I've had the same problem and figured out what caused the dark color and terrible flavour. I see your original post was years back but I hope this helps you and other brewers. I primarily brew IPAs and had the same problem. The beer would turn dark and develop a very bad flavor that's hard to describe after bottling.

(FYI If you bottle conditioned at constant colder temperatures this probably won't help...)

Well any time that happened I stored the bottles at room temperature where temps ranged from 65-75F. I brewed a couple batches recently and stored all bottles in my colder basement and all beer stored in the cool temperature has been fine with no unwanted changes in color and flavor.

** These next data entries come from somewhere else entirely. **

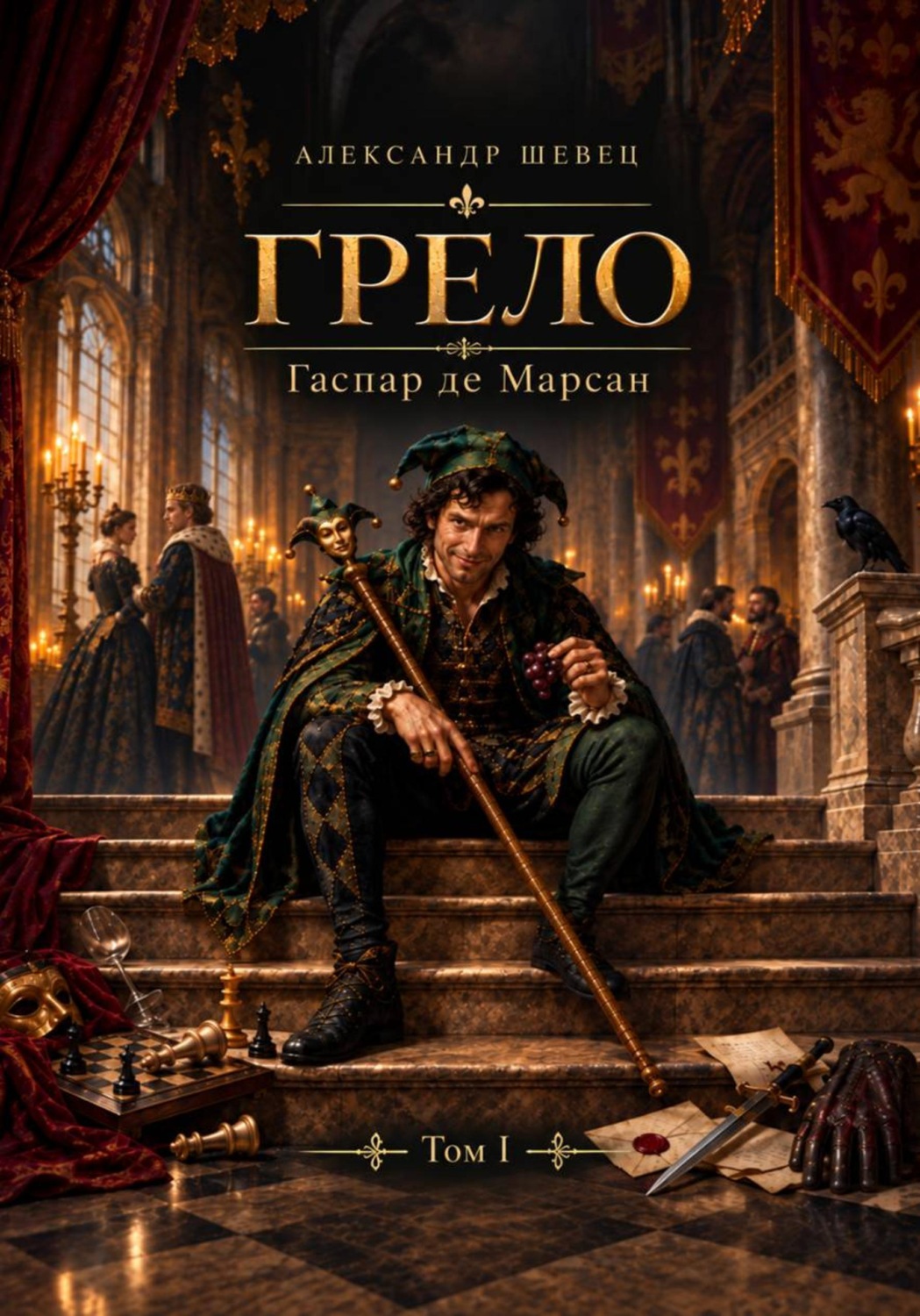 Обложка книги «Грело. Гаспар де Марсан»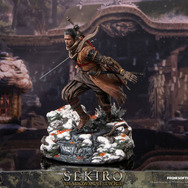 『SEKIRO』主人公「狼」のスタチューが予約開始！楔丸と不死斬りを背負い、戦国の世を駆ける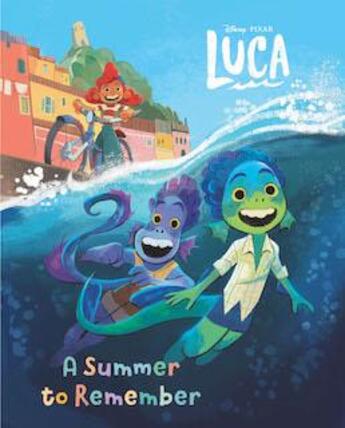 Couverture du livre « Luca : sweeties collection : a summer to remember : un été inoubliable » de Disney aux éditions Hachette-antoine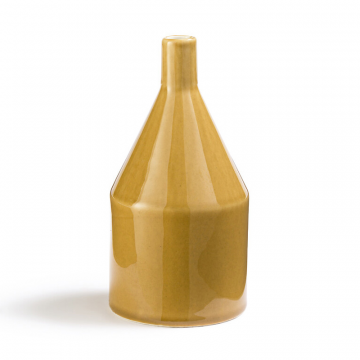 Ваза из керамики В21 см Mirany  единый размер желтый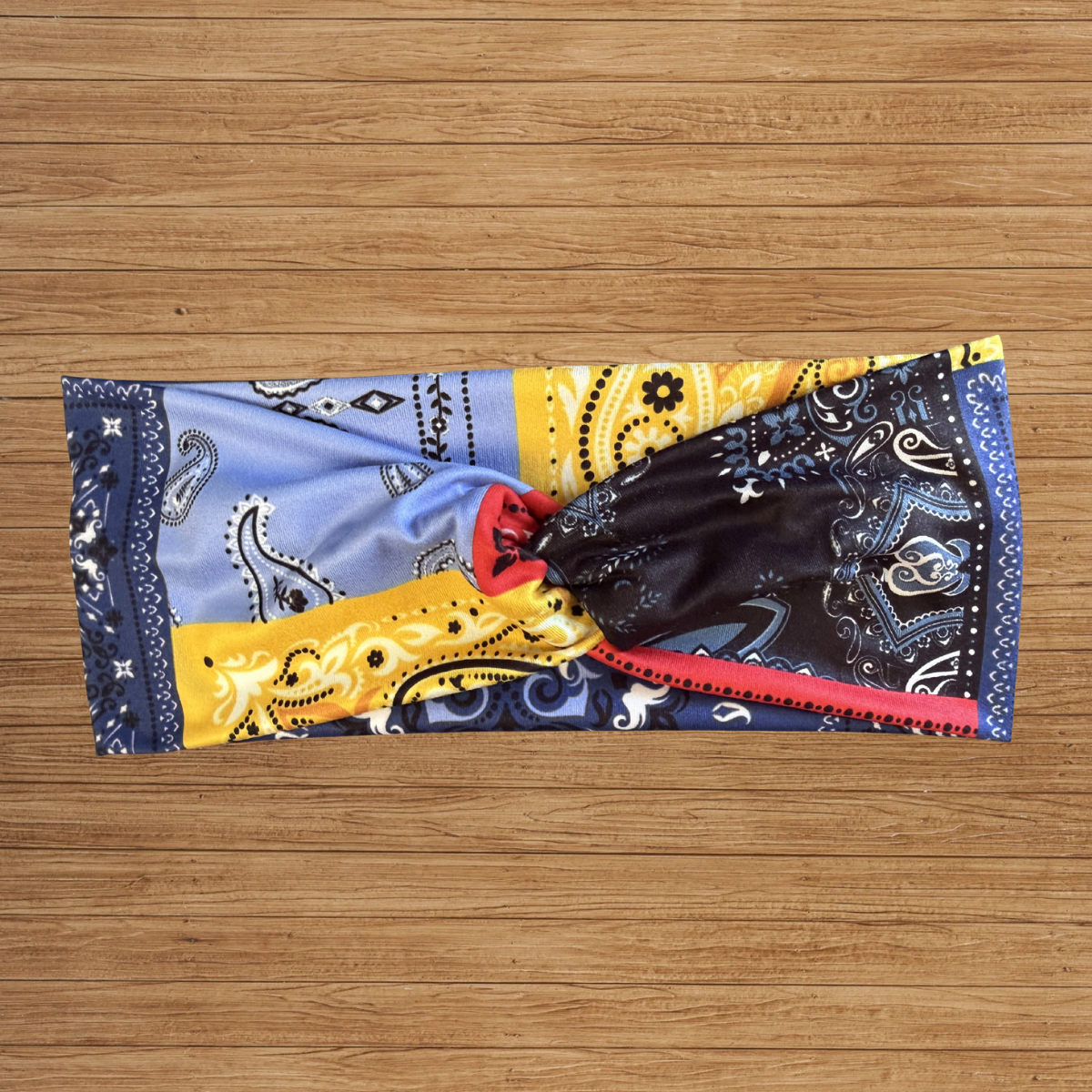Crazy Bandanna Twisty- Headband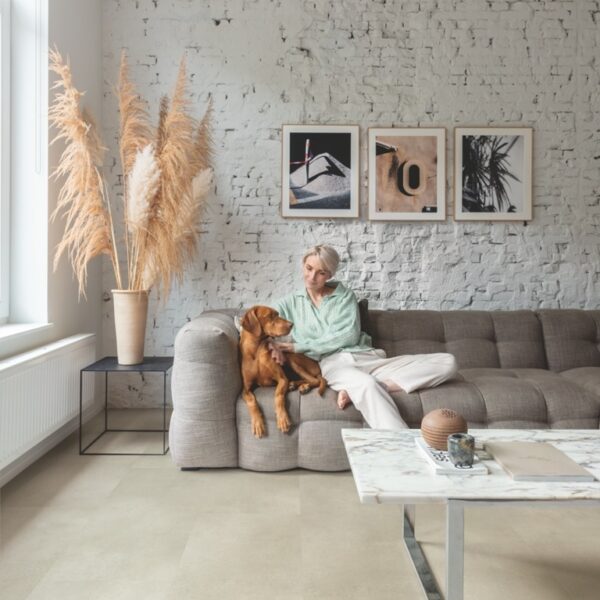 AVMTU40274-2 Panele Winylowe Quick-Step Illume Beton sandstone AVMTU40274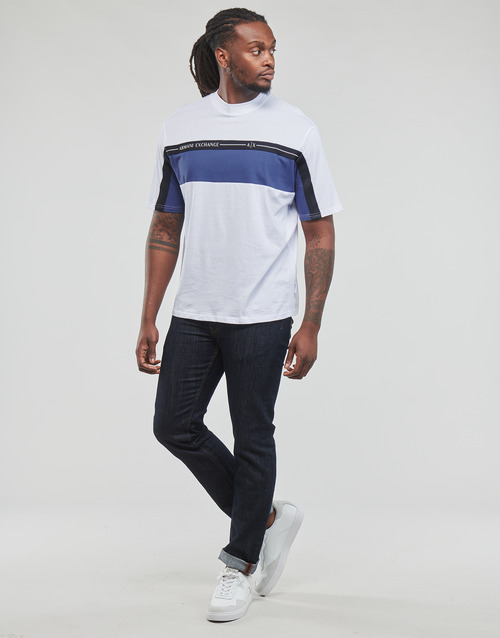 Armani Exchange - 3RZMFD - Blanc / Bleu / Noir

I removed a couple bottles and exposed them to higher temps and.. you guessed it.. the beer turned dark and developed the unpleasant taste.

So try to keep all bottles in a cooler temp, id say around 40-50F. It doesn't solve the problem completely because there's obviously something in the beer causing the chemical reactions that causes the bad flavor, but storing at colder temps should help and not kick off those reactions.

I also lowered the temperature of the sparge water just in case I was extracting tannins, etc.

  • If it was tannins from the sparge surely it would taste bad before bottling but it tastes amazing at that point. Only goes bad in the bottle, the temperature idea sounds interesting.
    – malhal
    Jul 5, 2018 at 8:59

I had a similar issue with a recent beer also, I had put it down to Dimethyl Sulfides that I inadvertently generated trying to get a rolling boil going by leaving a lid cover on. This article provides some good info on this topic.


  • Can you add some more clarification? I'm not sure I see how DMS would result in the issue Daniel described. I don't see anything in the link you provided that seems reasonably close to the dark/burnt/astringent qualities described in the original post.